What “Dances With Wolves” did by breaking the bank was change the equation by adding even more dollars to the pot. No longer need studios think of actor-directed films as almost invariable losers at the box office. Now they could curry favor and feed their insatiable financial blood lust at the same time.

As if that wasn’t incentive enough, one of the things that both “Indian Runner” and “Little Man Tate” show is that having a star as director puts you several legs up on the competition in media exposure for your film. Sean Penn, for instance, who has generally been as friendly toward the press as a pit bull on an off day, discovered a previously camouflaged affability and sensitivity and was rewarded by extensive press coverage of his directing debut.

With Jodie Foster, the situation was equally remarkable. A superior actress and by all accounts an articulate, thoughtful and cooperative woman, she parlayed her media good will into even more flattering coverage than Penn got, racking up covers of magazines ranging from Redbook to Time.

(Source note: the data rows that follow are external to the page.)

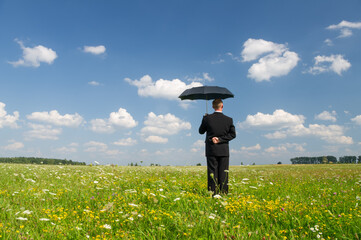 The person in a dark business suit with an umbrella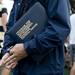 Michigan Marching Band Director Scott Boerma holds a binder full of sheet music at the end of practice on Thursday. Daniel Brenner I AnnArbor.com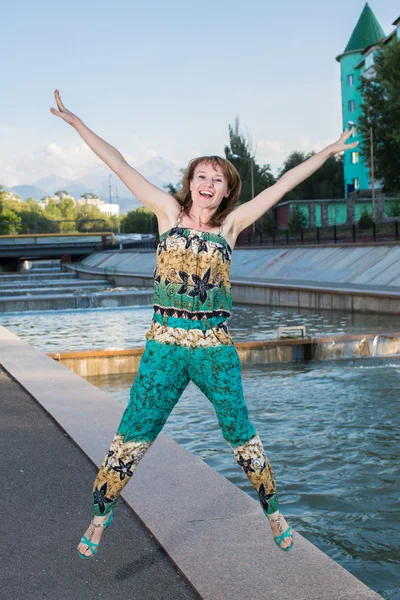 Fun young woman jumping on embankment in summer in city — Stock Photo, Image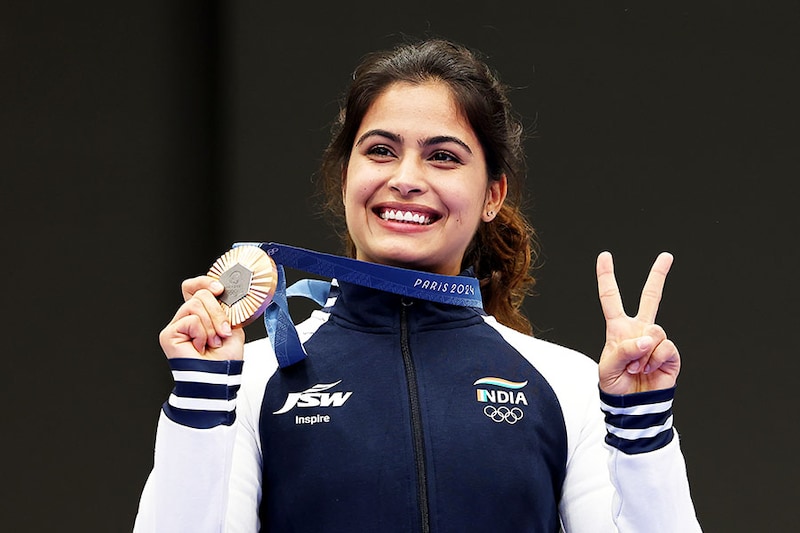 Bronze medallist Manu Bhaker of Team India poses on the podium during the Women"s 10m Air Pistol Final medal ceremony on day two of the Olympic Games Paris 2024 at Chateauroux Shooting Centre on July 28, 2024, in Chateauroux, France.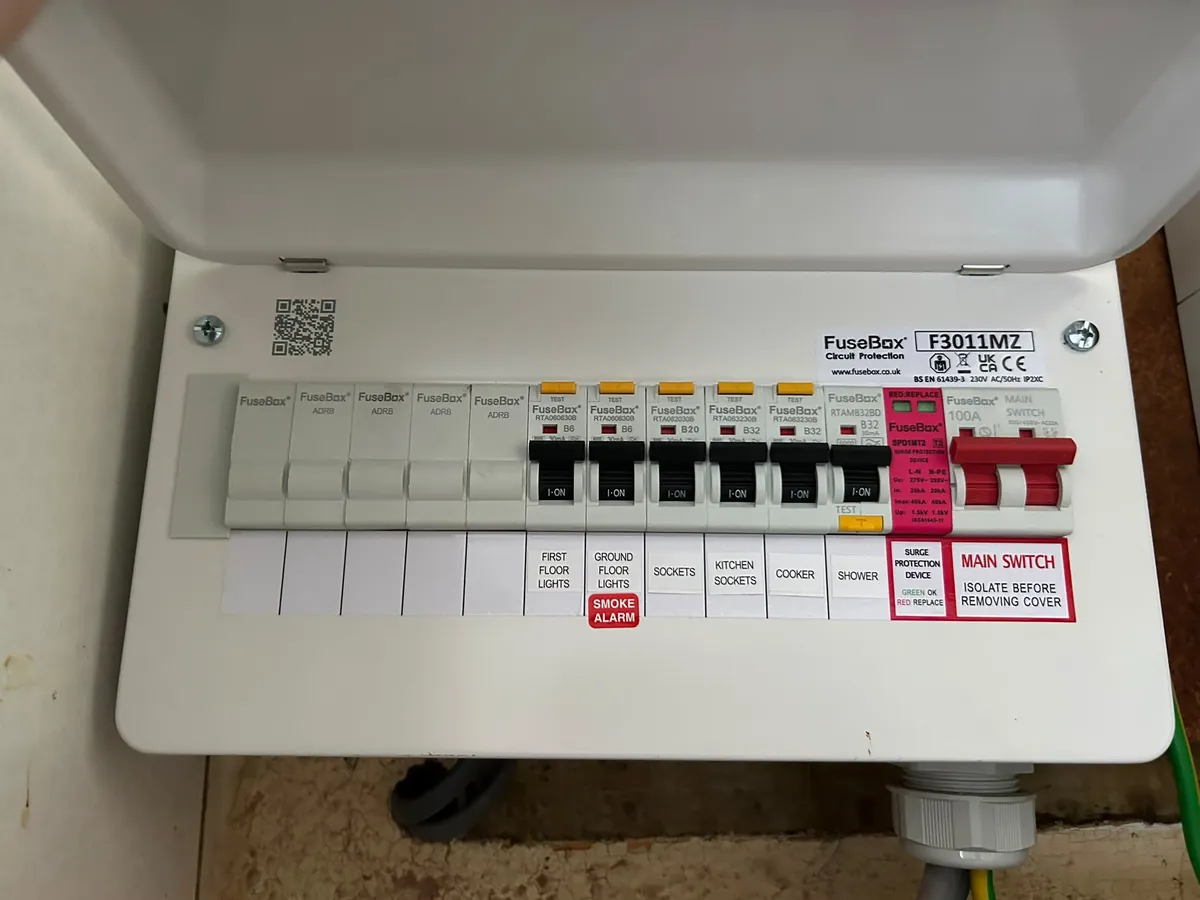 Modern consumer unit with labelled RCBO circuits and surge protection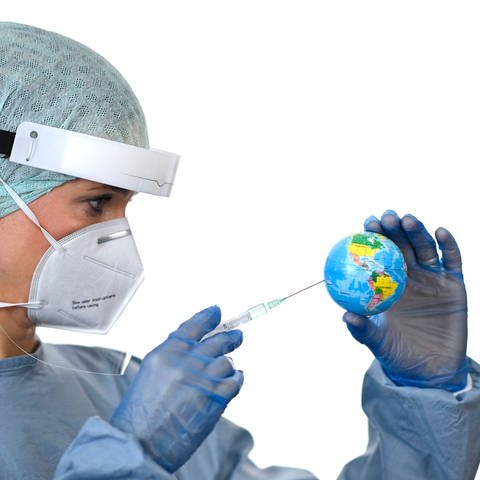 Eine Ärztin mit Spritze, die eine kleine Weltkugel impft (Foto: IMAGO, imago images / Michael Weber)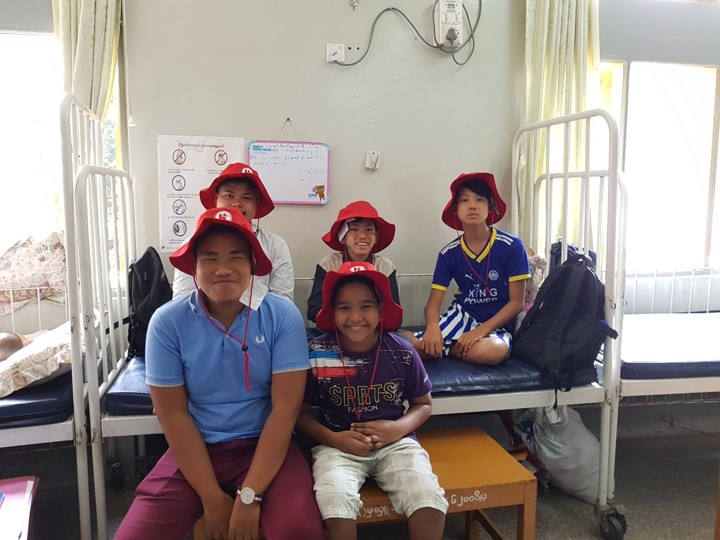 Children on a hospital bed in Myanmar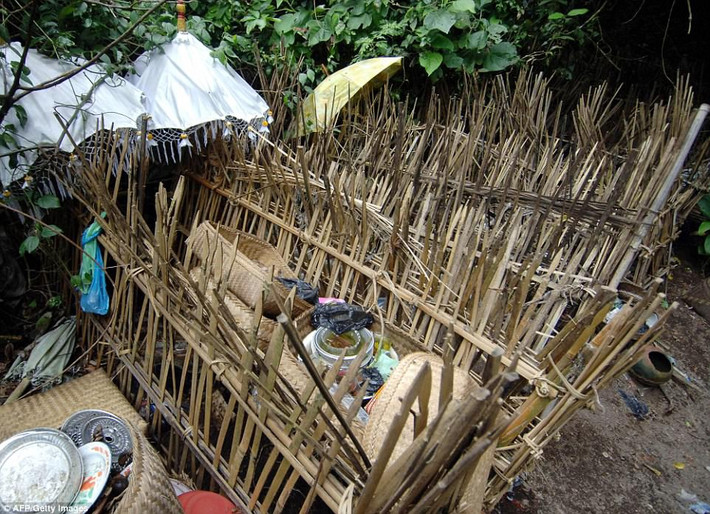 Trước khi đặt vào trong lồng tre, người chết được tắm rửa xác sạch sẽ bằng nước mưa và mặc trang phục để lộ phần đầu. Ảnh: AFP.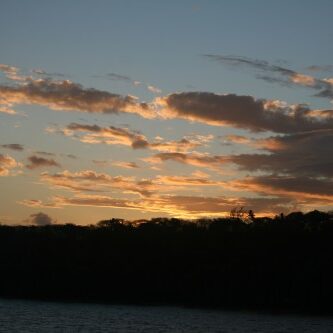 Sunset with clouds over a dark horizon.
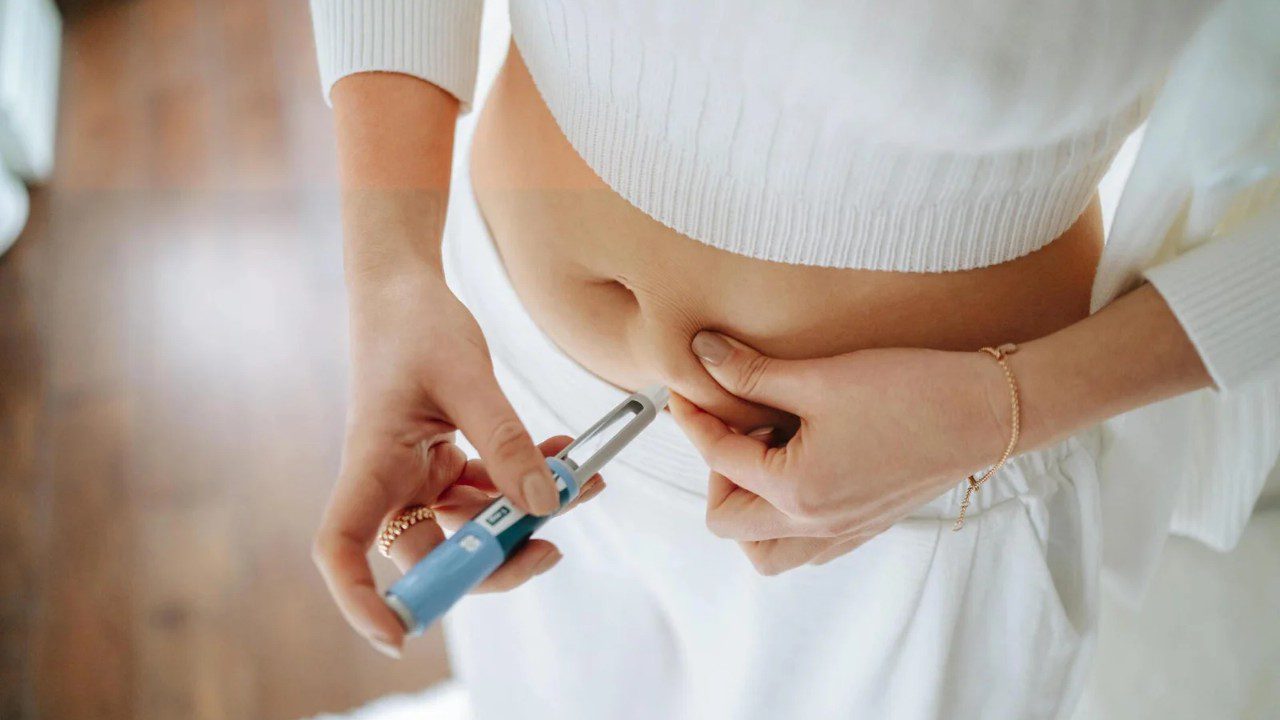 A woman is holding an electronic device in her hand.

And as far as reviews went, most critics tended to bend over backward to give both “Little Man Tate” and “Indian Runner” the benefit of every doubt. If you read the notices closely, you could see that in their heart of hearts the approving reviewers wanted to say “nice try” more than anything else, but who besides close relatives reads critics closely? That kind of kid-gloves treatment is swell work if you can get it, and you can get it only if you’re a star.

Once actors get to direct, their experiences, on one level at least, vary tremendously. Some, like Marlon Brandon after “One-Eyed Jacks,” appear to lose interest, while others, like Clint Eastwood, become so enamored they turn into the most reliable of journeymen. Some, like Woody Allen and Orson Welles, find they truly have the gift, while others, like Charles Laughton after “Night of the Hunter,” are devastated to find they have the gift but that no one gives a damn.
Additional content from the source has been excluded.